"Is—it—true?" she asked in a hushed tone. The dull anguish of it lent a fierceness to his purpose.

"I have spoken to him. Would to God it were not!"

It did not seem strange to her that he should say so, nor that he did not come and stroke her hair as he so often did when she fancied herself in trouble. She crossed her arms on the top of the chair, and laid her cheek on them.

"I've always known that he must come back. Jack could never be dead," she murmured in a hopeless tone of voice; "he is overflowing with life, crude, arrogant life. Why did I believe them when they said he was dead?"

"Perhaps you wished to believe it," said the musician.

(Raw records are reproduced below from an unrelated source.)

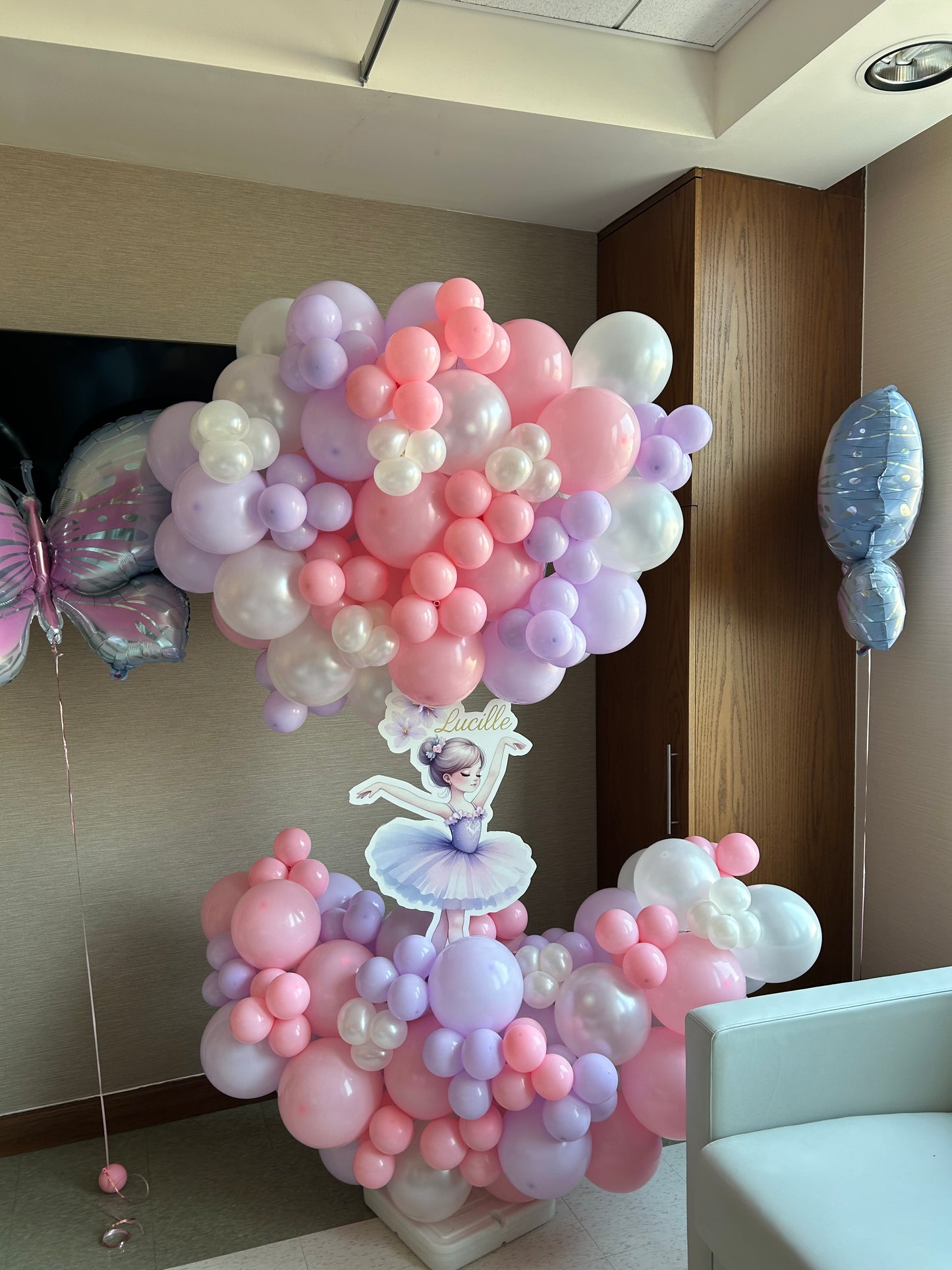 Hospital Setup Customized Ballerina with Balloons Purple, Pink and Pearl White and Helium Butterfly - Perfect for special occasion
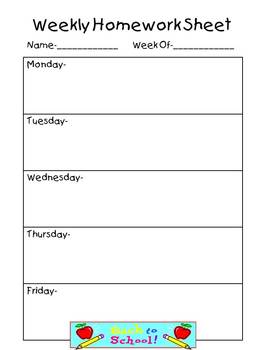 Weekly complete set products. Clipart homework homework sheet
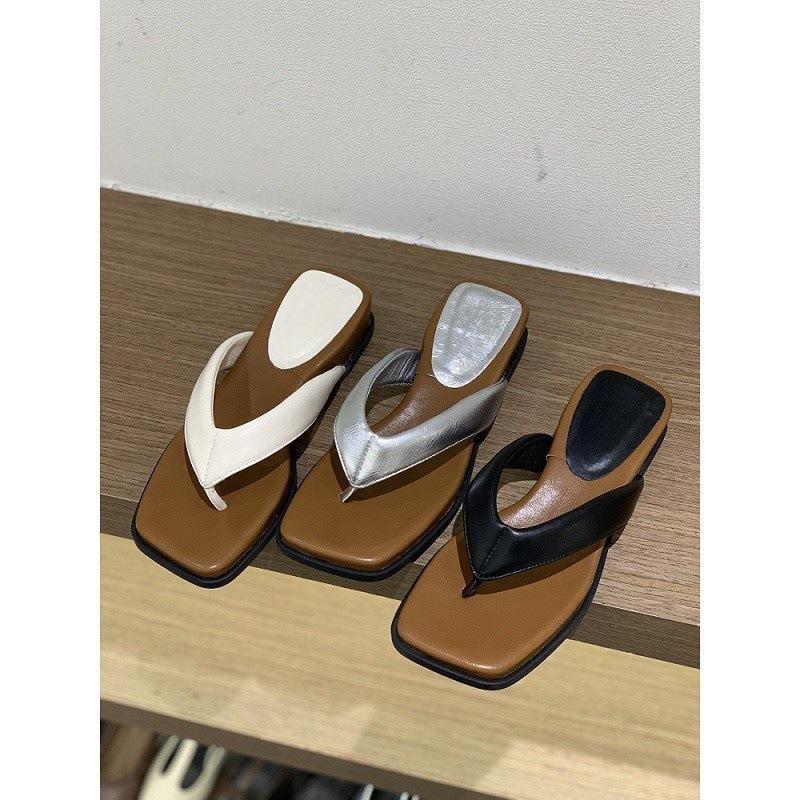 Vintage wedge heel high heels pinch flip-flops fairy shoes 2025 summer silver French sandals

When he found the silence that followed no longer endurable, he moved a little nearer to her, where he could see the fierce movement of her shoulders and the curls on the back of her neck.

"Shall we resume our conversation?" he said, and touched the Baedeker.

"How can we? I must wait a little, see Jack, no, no, not see him, but—but write to him—if it is possible he never had my other letter? Why has he come back to torment me just when I was beginning to feel happy? And—oh, drop that book, can't you? Don't you understand that I cannot go abroad now?"

"Why not?"

"Because, oh, how dense you are! Even if I can get away from Jack, and I feel as if I never should be free again, but even supposing I can break his heart and leave him, how can I go away and be by myself interminably? You don't know me if you think that would do me any good."